### Exercise description
Drop the pictures and repeat the remaining data exactly.

[Collected material Boundary: Start]

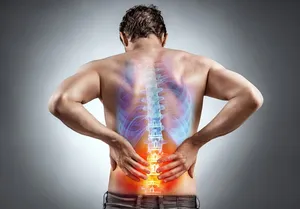 قبل از جراحی دیسک کمر، این نکته مهم را بدانید / MRI به‌تنهایی حکم جراحی نمی‌دهد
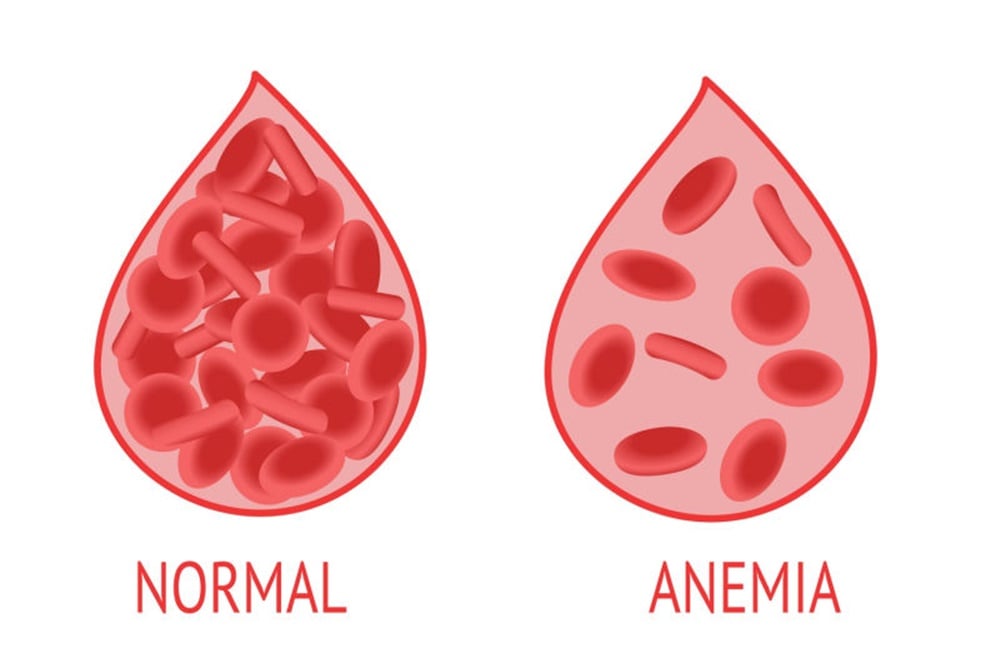 Cegah Anemia, Bisa Turunkan Angka Kematian Ibu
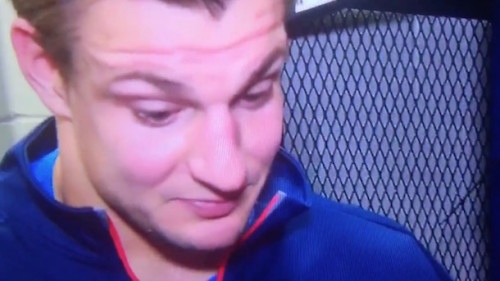 Gronk-Can-Barely-Contain-Himself-When-Reporter-Says-69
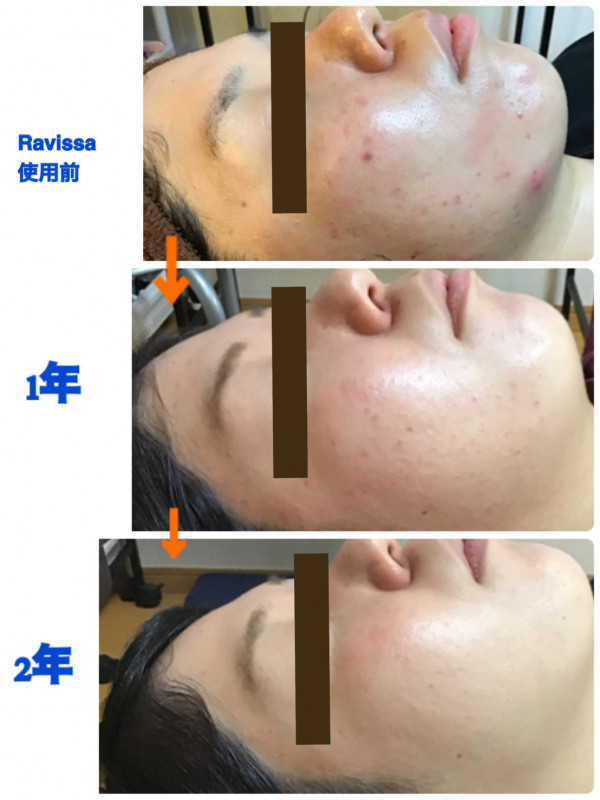 レイマージュ【女性整体・小顔矯正・体質改善】 | ravissaフェイシャルビフォーアフター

[Collected material Boundary: End]

### Written solution
 قبل از جراحی دیسک کمر، این نکته مهم را بدانید / MRI به‌تنهایی حکم جراحی نمی‌دهد
 Cegah Anemia, Bisa Turunkan Angka Kematian Ibu
 Gronk-Can-Barely-Contain-Himself-When-Reporter-Says-69
 レイマージュ【女性整体・小顔矯正・体質改善】 | ravissaフェイシャルビフォーアフター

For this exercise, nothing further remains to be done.